Crawled caption data
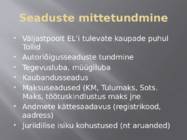Disainerkaupade e-kaubamaja asutamine #4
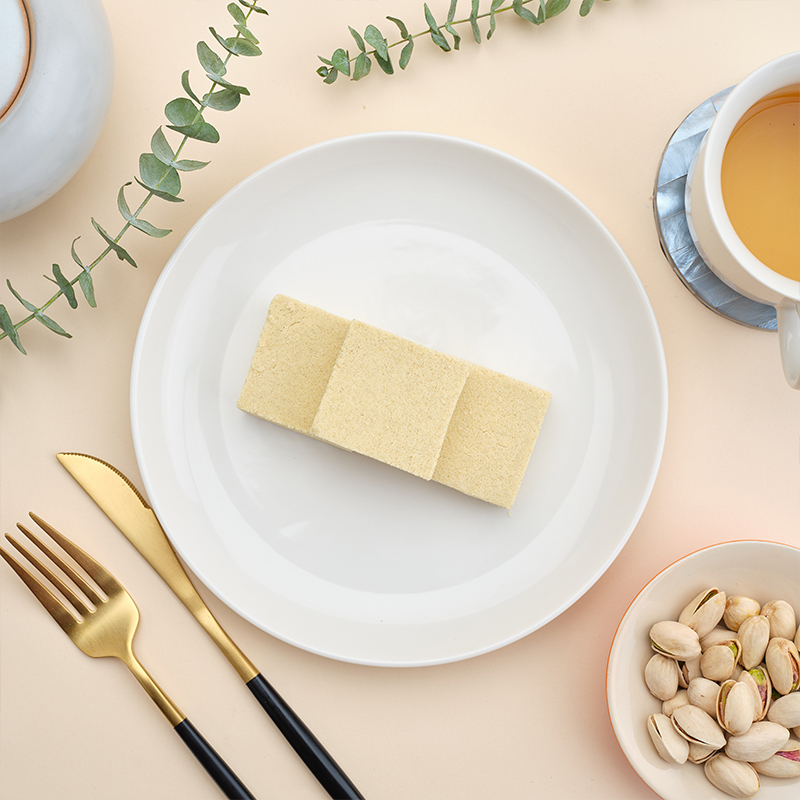 老鼎丰传统绿豆糕东北特产老式绿豆饼糕点点心老字号小零食绿豆酥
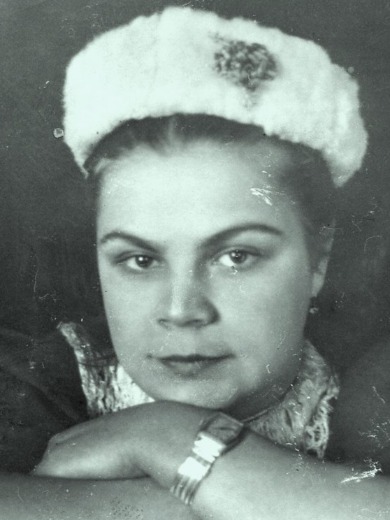 Пантелеева (Рыжова) Анна Семёновна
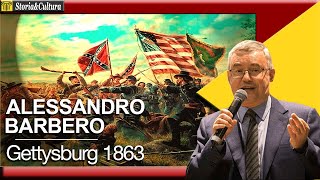 Alessandro Barbero  La Grande Battaglia Gettysburg 1863  Guerra di Secessione Audiolibro 08 HQ [upl. by Yance]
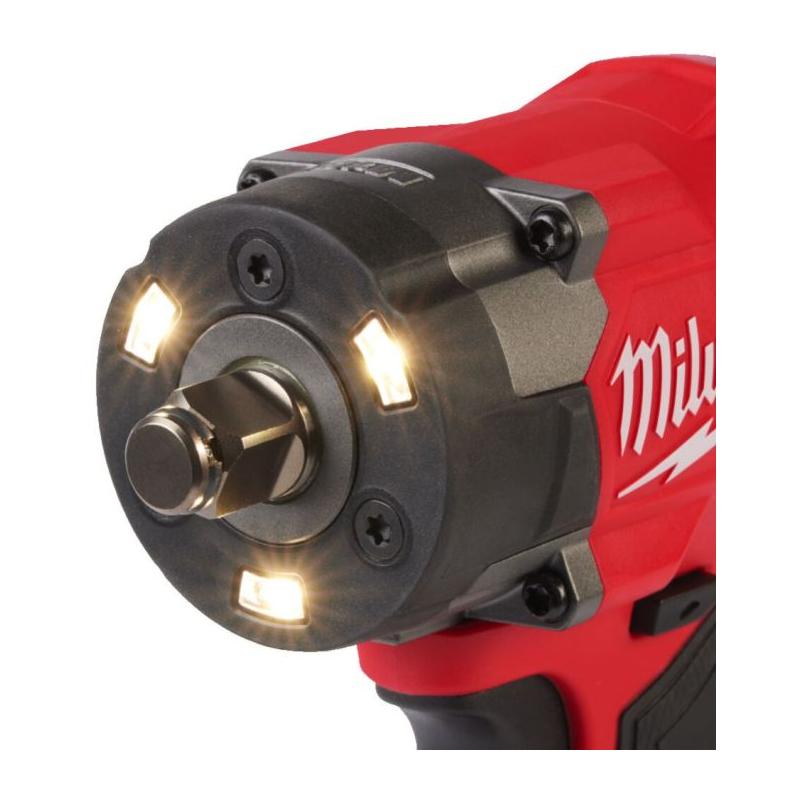 M18 ONEFIW2FC12-0X - Kompaktwy klucz udarowy 1/2", 203 Nm, 18 V, FUEL™, ONE-KEY™, w walizce, bez wyposażenia, 4933493412 M18 ONEFIW2FC12-0X - Kompaktwy klucz udarowy 1/2", 203 Nm, 18 V, FUEL™, ONE-KEY™, w walizce, bez wyposażenia, 4933493412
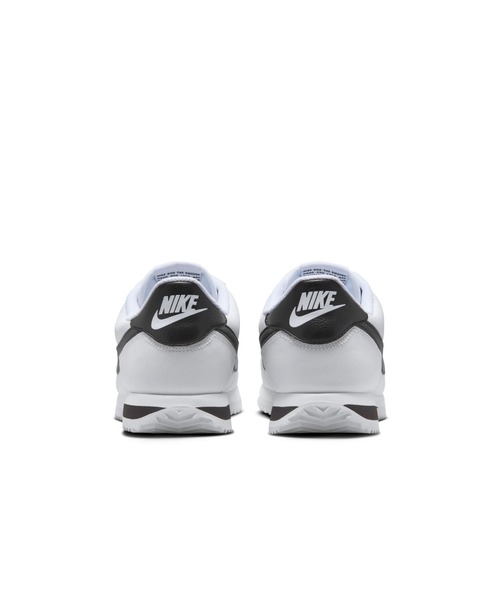 NIKE(ナイキ)の「NIKE/ナイキ WSコルテッツ(スニーカー・レディース・ホワイト×ブラック・23cm/23.5cm/25cm/24.5cm/24cm/22.5cm/28cm/27cm/26.5cm/26cm/25.5cm/22cm/27.5cm)」の2枚目の写真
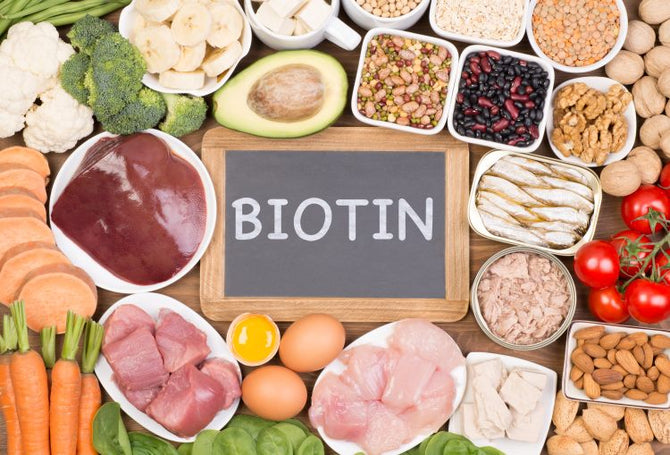 Does biotin help against hair loss?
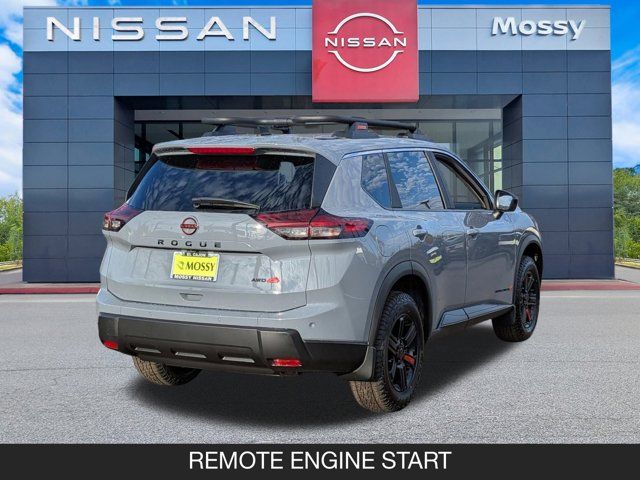 2026 Nissan Rogue Rock Creek 2026 Nissan Rogue Rock Creek
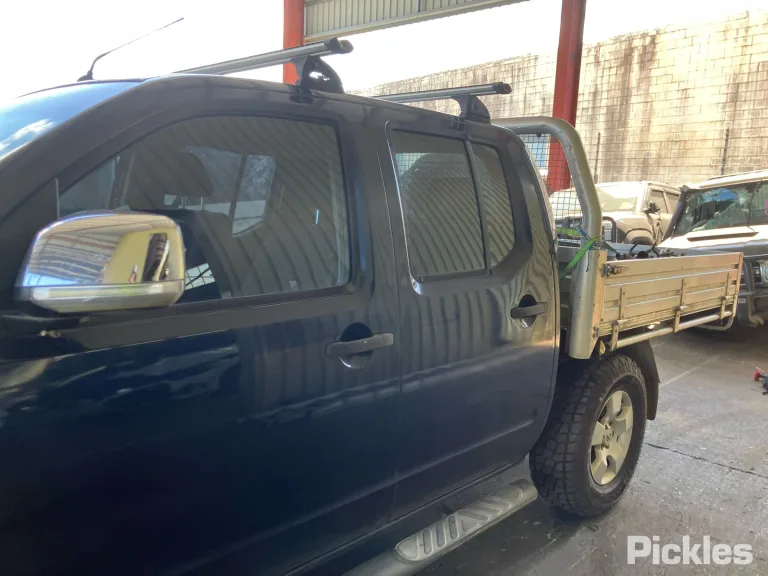 2008 Nissan Navara Damaged VIN VSKCVND40A0262853 – exterior detail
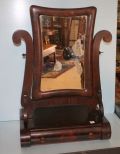 Empire Mahogany Shaving Mirror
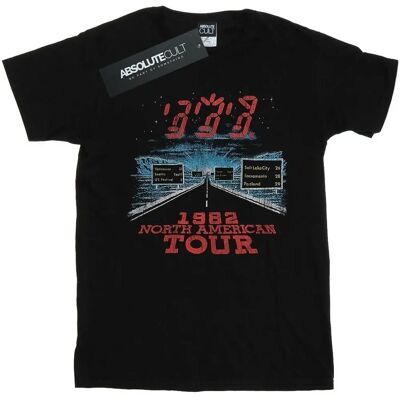 Absolute Cult The Police Girls Tour Nord America - Maglietta Nera Absolute Cult The Police Girls Tour Nord America - Maglietta Nera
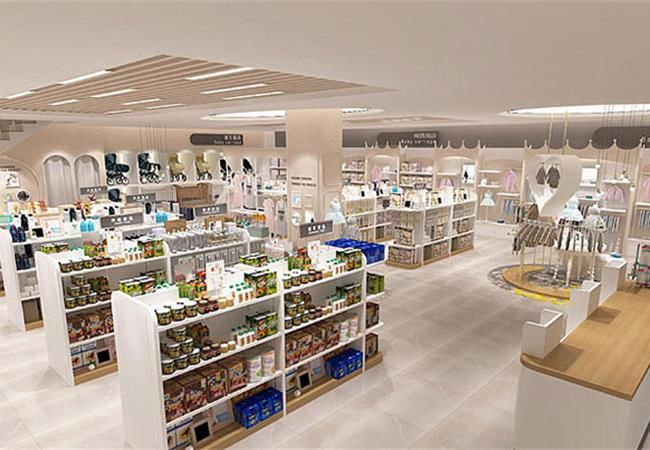 如何花少的錢裝修母嬰店有效果？看看合肥裝修公司的方法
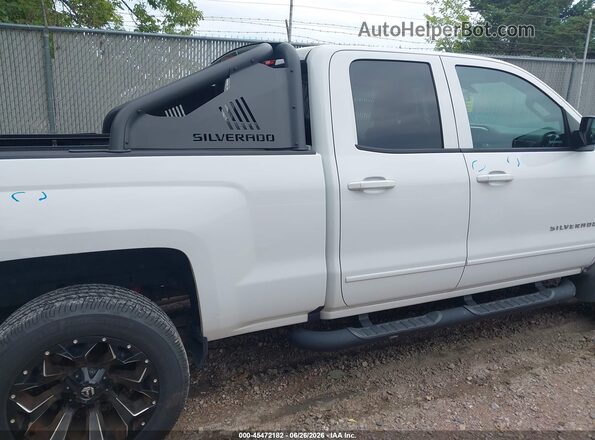 1GCVKREC8JZ206929 2018 CHEVROLET SILVERADO White 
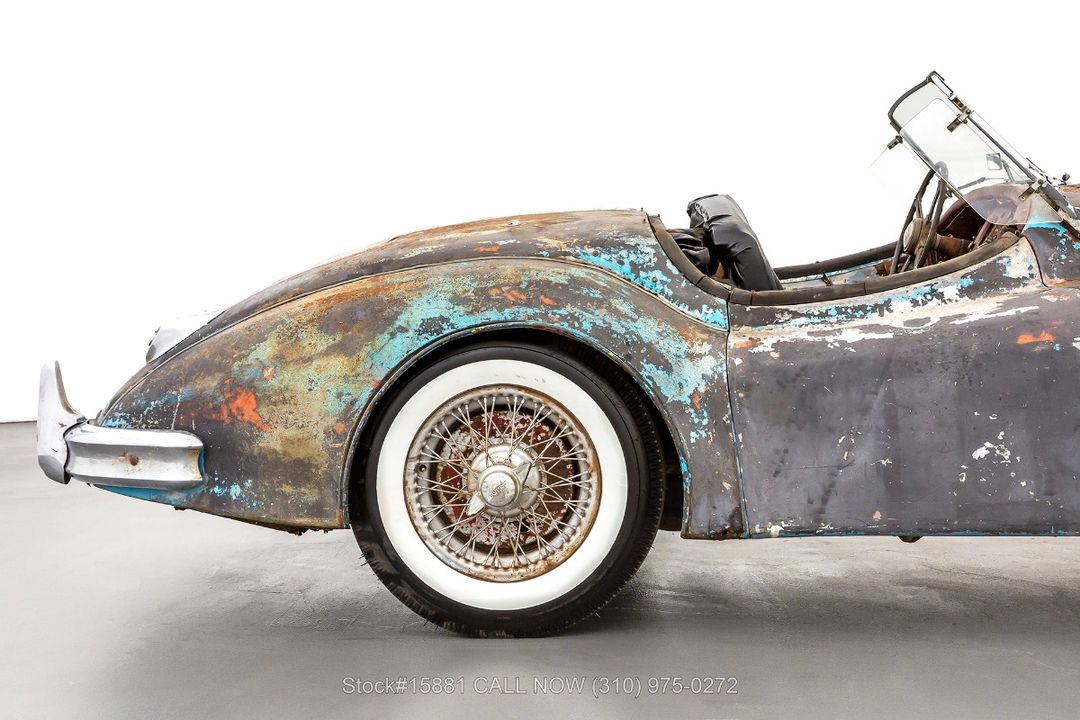 1956 Jaguar XK140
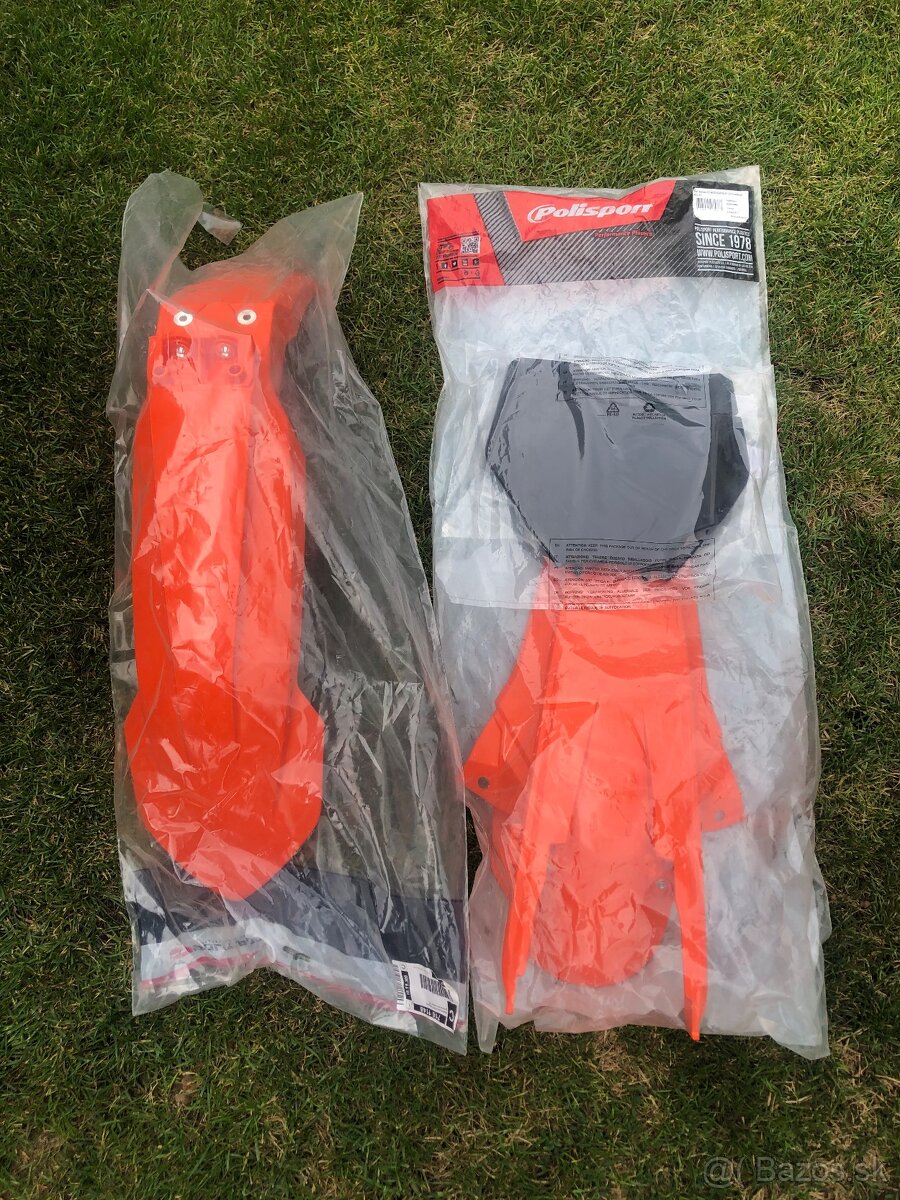 KTM plasty 2018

◆ What to produce:
Reproduce the records above exactly, but only from the line containing "2026 Nissan Rogue Rock Creek 2026" through the last line, both included, and without any pictures.

◆ Problem solution:
 2026 Nissan Rogue Rock Creek 2026 Nissan Rogue Rock Creek
 2008 Nissan Navara Damaged VIN VSKCVND40A0262853 – exterior detail
 Empire Mahogany Shaving Mirror
 Absolute Cult The Police Girls Tour Nord America - Maglietta Nera Absolute Cult The Police Girls Tour Nord America - Maglietta Nera
 如何花少的錢裝修母嬰店有效果？看看合肥裝修公司的方法
 1GCVKREC8JZ206929 2018 CHEVROLET SILVERADO White 
 1956 Jaguar XK140
 KTM plasty 2018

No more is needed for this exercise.